ComfyUI>Workflows>Wan2.1 Stand In | Consistent Character Video Maker

Wan2.1 Stand In | Consistent Character Video Maker

Workflow Name: RunComfy/Wan2.1-Stand-In

Workflow ID: 0000...1284

This workflow helps you produce character-driven videos where identity remains consistent from frame to frame. With just one image as input, it generates outputs that preserve facial features, style, and personality across sequences. Ideal for animators, storytellers, and creators of avatars, it ensures both high fidelity and strong continuity. You gain stable results without needing multiple reference images. It saves time, reduces rework, and improves reliability for long-form creative projects. Designed for practical usability, it gives you control over story-driven visuals with dependable results.

Wan2.1 Stand In: single‑image, character‑consistent video generation for ComfyUI

This workflow turns one reference image into a short video where the same face and style persist across frames. Powered by the Wan 2.1 family and a purpose‑built Stand In LoRA, it is designed for storytellers, animators, and avatar creators who need stable identity with minimal setup. The Wan2.1 Stand In pipeline handles background cleanup, cropping, masking, and embedding so you can focus on your prompt and motion.

Use the Wan2.1 Stand In workflow when you want reliable identity continuity from a single photo, fast iteration, and export‑ready MP4s plus an optional side‑by‑side comparison output.

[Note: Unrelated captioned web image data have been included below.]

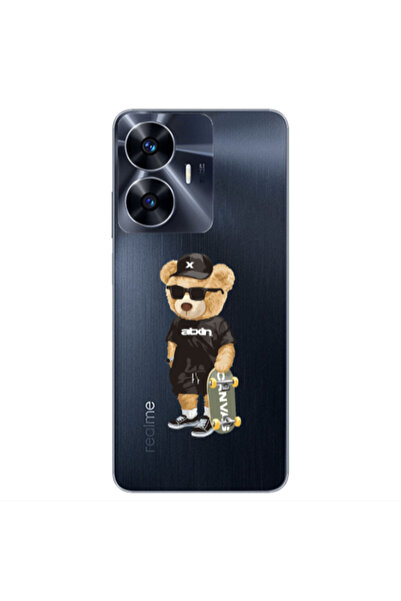 Other Realme Note 50 Bear with glasses Transparent Silicone TPU Θήκη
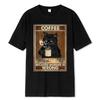Coffee Because Murder Is Wrong Black Cat Drinks Coffee Funny T-Shirt Oversized Hip Hop T Shirt Cotton Tops Short Sleeves for Men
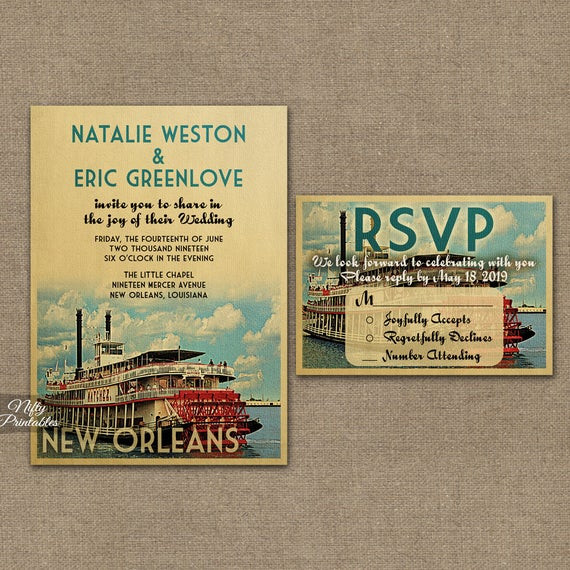 New Orleans Wedding Invitations
 New Orleans Wedding Invitation Printable Vintage New Orleans
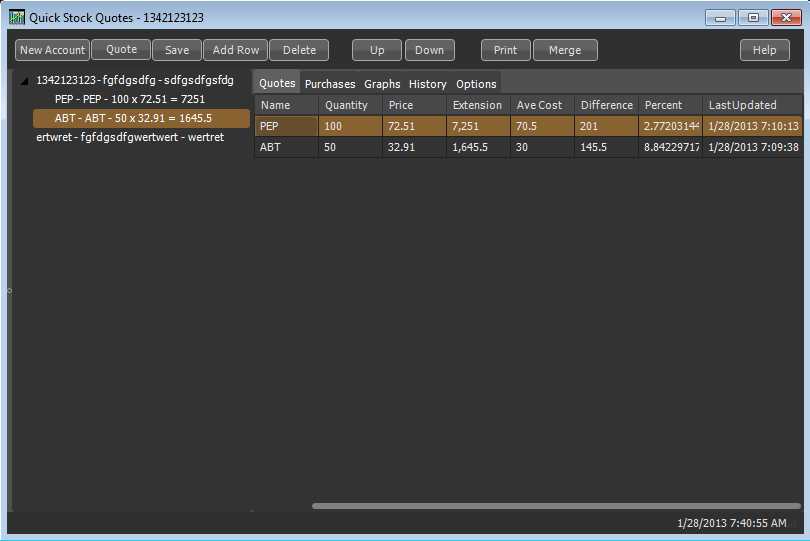 Windows 7 Quick Stock Quotes 5.3 full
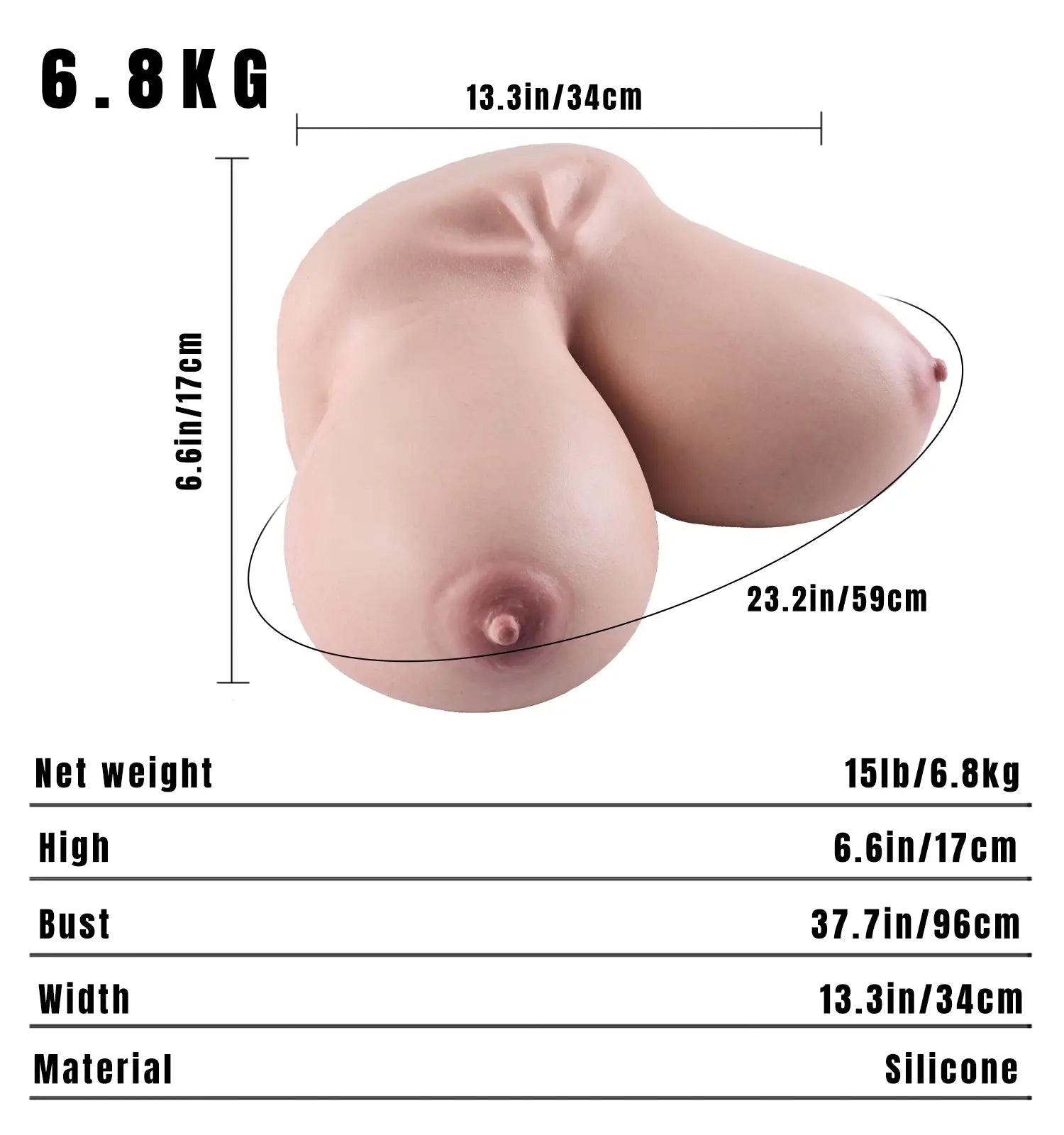Image of Leina:15.1LB Realistic Silicone Sex Torso Big Jiggly Boobs MRLDOLL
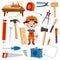 Set Of Various Carpentry Elements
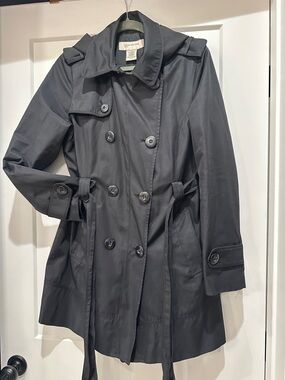 Jones New York Hooded Black Double-Breasted Trench with Belt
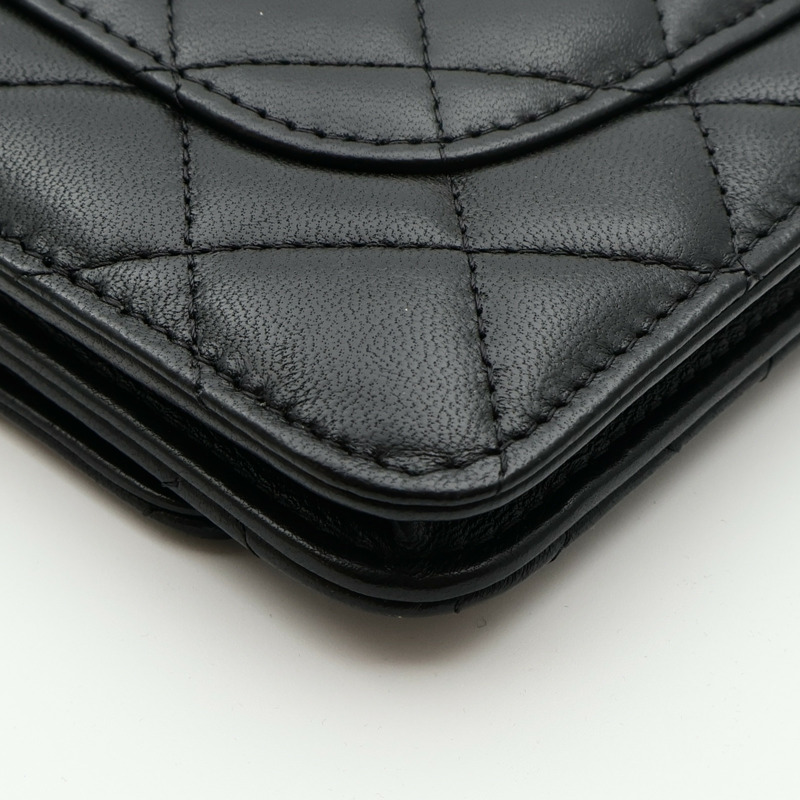 CHANEL 羊皮皮革WOC Wallet On Chain銀扣鏈帶肩背袋-8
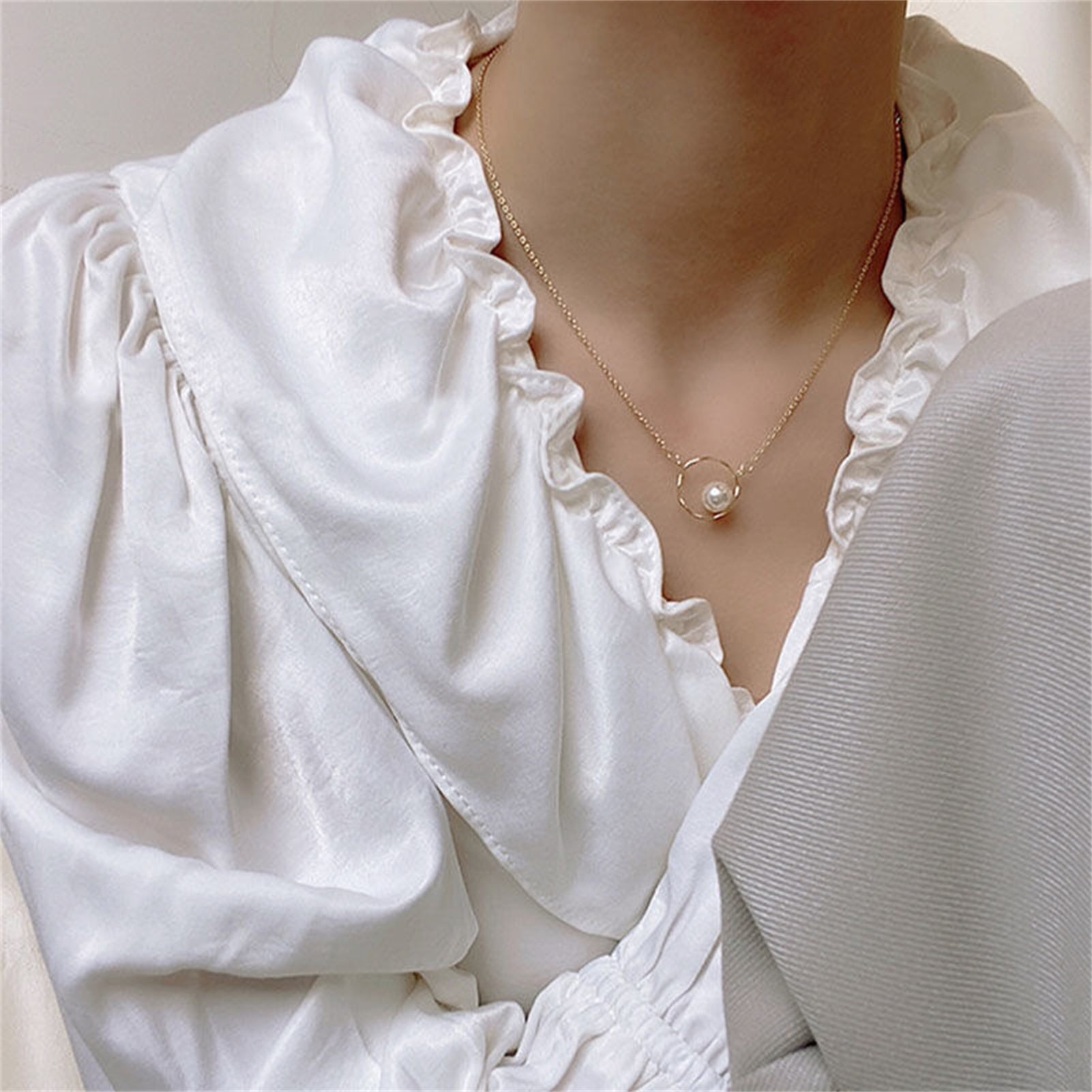 Pearl Necklace Pearl Thin Chain Alloy Pearl Pendant Fashion Pearl Chain Imitation Pearl Geometric Simple Design Thin Necklace Collarbone Chain For Women Girl Walmart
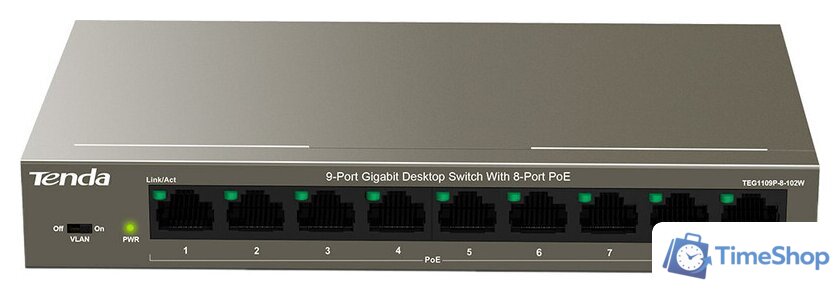 Неуправляемый коммутатор Tenda TEG1109P-8-102W - Изображение №1 — Интернет-магазин Time-Shop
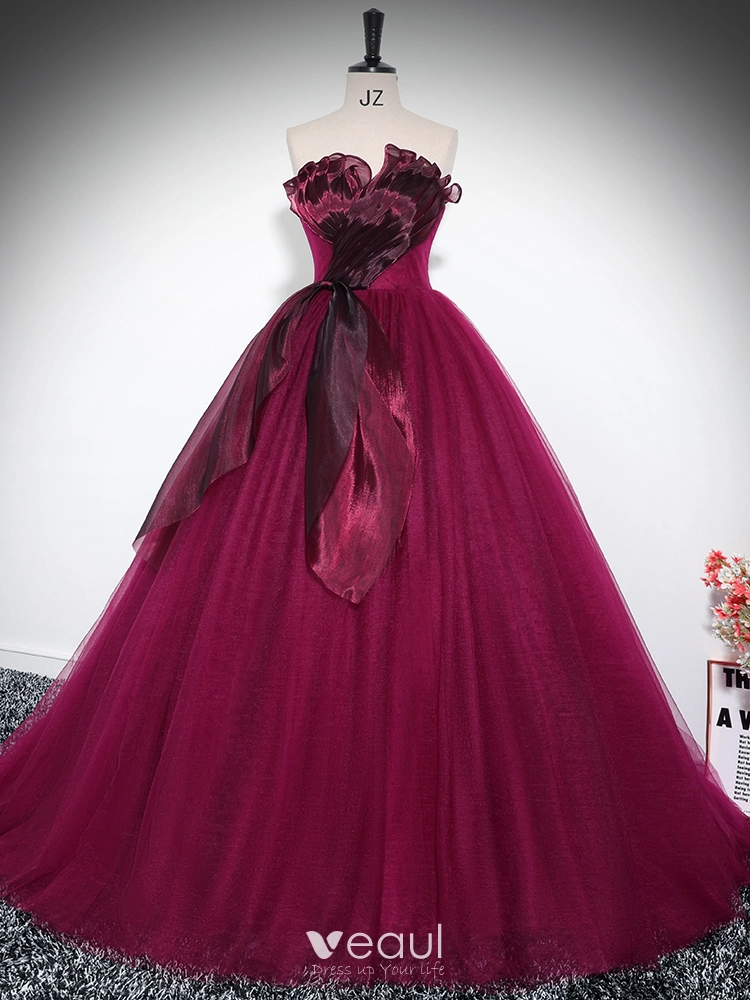 strapless burgundy prom dress Burgundy A-Line Sparkly Strapless Modest Long Prom Dresses, Ball Gown, –  SposaBridal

Key models in Comfyui Wan2.1 Stand In workflow

Wan 2.1 Text‑to‑Video 14B. The primary generator responsible for temporal coherence and motion. It supports 480p and 720p generation and integrates with LoRAs for targeted behaviors and styles. Model card
Wan‑VAE for Wan 2.1. A high‑efficiency spatiotemporal VAE that encodes and decodes video latents while preserving motion cues. It underpins the image encode/decode stages in this workflow. See the Wan 2.1 model resources and Diffusers integration notes for VAE usage. Model hub • Diffusers docs
Stand In LoRA for Wan 2.1. A character‑consistency adapter trained to lock identity from a single image; in this graph it is applied at model load to ensure the identity signal is fused at the foundation. Files
LightX2V Step‑Distill LoRA (optional). A lightweight adapter that can improve guidance behavior and efficiency with Wan 2.1 14B. Model card
VACE module for Wan 2.1 (optional). Enables motion and editing control via video‑aware conditioning. The workflow includes an embed path you can enable for VACE control. Model hub
UMT5‑XXL text encoder. Provides robust multilingual prompt encoding for Wan 2.1 text‑to‑video. Model card

How to use Comfyui Wan2.1 Stand In workflow

At a glance: load a clean, front‑facing reference image, the workflow prepares a face‑focused mask and composite, encodes it to a latent, merges that identity into Wan 2.1 image embeds, then samples video frames and exports MP4. Two outputs are saved: the main render and a side‑by‑side comparison.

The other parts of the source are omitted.